Orbital Angular Momentum of Magnons in Collinear Magnets

We study the orbital angular momentum of magnons for collinear ferromagnet (FM) and antiferromagnetic (AF) systems with nontrivial networks of exchange interactions. The orbital angular momentum of magnons for AF and FM zigzag and honeycomb lattices becomes nonzero when the lattice contains two inequivalent sites and is largest at the avoided-crossing points or extremum of the frequency bands.
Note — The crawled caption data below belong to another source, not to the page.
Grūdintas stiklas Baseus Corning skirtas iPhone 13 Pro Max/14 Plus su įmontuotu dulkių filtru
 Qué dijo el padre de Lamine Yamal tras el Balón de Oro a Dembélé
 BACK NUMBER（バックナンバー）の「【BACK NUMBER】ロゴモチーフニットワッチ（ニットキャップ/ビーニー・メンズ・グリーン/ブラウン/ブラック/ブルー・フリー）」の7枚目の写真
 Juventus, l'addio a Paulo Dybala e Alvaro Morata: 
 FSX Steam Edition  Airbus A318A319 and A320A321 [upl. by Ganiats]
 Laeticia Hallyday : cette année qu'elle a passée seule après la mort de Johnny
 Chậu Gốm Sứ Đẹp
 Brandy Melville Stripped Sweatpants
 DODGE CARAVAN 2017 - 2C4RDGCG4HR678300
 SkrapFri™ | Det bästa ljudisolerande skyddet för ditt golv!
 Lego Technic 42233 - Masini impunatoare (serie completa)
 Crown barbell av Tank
Hence, the arrangement of exchange interactions may play a more important role at producing the orbital angular momentum of magnons than the spin-orbit coupling energy and the resulting noncollinear arrangement of spins.

Figure 1

FM zigzag. (a) A square lattice with alternating FM exchange interactions $J_1$ and $J_2$ between up spins. (b) Magnon bands for $k_{y}a/2\pi =0.1$. (c) The OAM ${\mathcal{L}}_{zn}(\mathbf{k})/\hslash$ graphed as a function of $\mathbf{k}$ for different values of $r=J_2/J_1$. The dashed line shows $k_{y}a/2\pi =0.1$ (d) Magnons of an $r=2$ FM zigzag material traveling with opposite momenta $\pm \mathbf{k}$ and $\mathrm{OAM}\pm \mathcal{L}$ in a temperature gradient.

Figure 2

AF zigzag. (a) A square lattice with FM exchange $J_2>0$ on zigzag chains with up (closed circles) or down (open circles) spins coupled by AF exchange $J_1<0$. (b) The OAM for upper (top) and lower (bottom) bands versus $\mathbf{k}$ for different values of $J_1$ and $J_2$.

Figure 3

FM honeycomb. (a) A honeycomb lattice with FM exchange $J>0$ between neighboring up spins and DM interaction $D$ between next-nearest neighbors. (b) The OAM for the upper (top) and lower (bottom) bands versus $\mathbf{k}$ for different values of $d=-2D/3J$.

Figure 4

AF honeycomb. (a) A honeycomb lattice with AF exchange $J<0$ between up (closed circles, site 2) and down (open circles, site 1) spins. (b) The OAM of the major (left) and minor (right) bands versus $\mathbf{k}$ for anisotropy $\kappa =0$.